─── STUDY MATERIAL
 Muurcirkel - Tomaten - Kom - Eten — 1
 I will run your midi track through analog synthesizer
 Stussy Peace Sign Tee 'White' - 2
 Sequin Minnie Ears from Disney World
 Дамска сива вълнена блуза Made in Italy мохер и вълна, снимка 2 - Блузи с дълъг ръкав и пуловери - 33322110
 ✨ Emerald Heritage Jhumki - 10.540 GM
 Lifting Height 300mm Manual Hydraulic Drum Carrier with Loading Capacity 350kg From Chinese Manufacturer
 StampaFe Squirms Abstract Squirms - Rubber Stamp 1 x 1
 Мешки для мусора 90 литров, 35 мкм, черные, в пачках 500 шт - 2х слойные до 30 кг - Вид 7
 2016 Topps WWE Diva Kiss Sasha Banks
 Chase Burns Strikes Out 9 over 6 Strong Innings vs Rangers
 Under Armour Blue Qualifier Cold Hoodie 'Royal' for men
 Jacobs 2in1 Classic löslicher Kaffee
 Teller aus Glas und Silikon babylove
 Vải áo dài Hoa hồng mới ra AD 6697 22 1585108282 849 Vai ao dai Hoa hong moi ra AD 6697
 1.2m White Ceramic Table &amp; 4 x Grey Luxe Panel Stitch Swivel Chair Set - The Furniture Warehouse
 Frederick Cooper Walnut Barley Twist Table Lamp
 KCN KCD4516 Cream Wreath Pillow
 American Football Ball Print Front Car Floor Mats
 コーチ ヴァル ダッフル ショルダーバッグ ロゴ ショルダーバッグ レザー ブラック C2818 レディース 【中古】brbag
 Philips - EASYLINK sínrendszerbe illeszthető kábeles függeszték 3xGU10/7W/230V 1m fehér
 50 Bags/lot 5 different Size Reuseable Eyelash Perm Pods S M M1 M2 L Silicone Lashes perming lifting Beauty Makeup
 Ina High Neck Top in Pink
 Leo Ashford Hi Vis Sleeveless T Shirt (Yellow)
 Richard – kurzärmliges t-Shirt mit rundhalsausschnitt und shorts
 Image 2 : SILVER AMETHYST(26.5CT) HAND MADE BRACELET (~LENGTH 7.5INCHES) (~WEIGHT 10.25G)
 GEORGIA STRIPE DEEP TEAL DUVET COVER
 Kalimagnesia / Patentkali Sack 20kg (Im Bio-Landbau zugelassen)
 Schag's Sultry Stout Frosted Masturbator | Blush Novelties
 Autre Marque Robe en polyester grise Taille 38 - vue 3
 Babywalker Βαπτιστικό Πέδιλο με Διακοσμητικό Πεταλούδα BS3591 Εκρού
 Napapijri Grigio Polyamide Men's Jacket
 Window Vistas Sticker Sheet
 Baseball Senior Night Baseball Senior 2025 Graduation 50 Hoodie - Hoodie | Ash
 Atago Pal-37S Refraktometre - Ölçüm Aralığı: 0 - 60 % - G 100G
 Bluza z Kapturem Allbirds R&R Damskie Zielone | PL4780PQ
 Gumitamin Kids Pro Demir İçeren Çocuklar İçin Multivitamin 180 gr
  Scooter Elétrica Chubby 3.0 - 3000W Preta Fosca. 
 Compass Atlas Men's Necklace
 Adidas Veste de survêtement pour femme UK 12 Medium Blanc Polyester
──────
*ASSIGNMENT*.
Copy all lines from the material above that hold the word "White".

*EXPECTED ANSWER*.
 Stussy Peace Sign Tee 'White' - 2
 1.2m White Ceramic Table &amp; 4 x Grey Luxe Panel Stitch Swivel Chair Set - The Furniture Warehouse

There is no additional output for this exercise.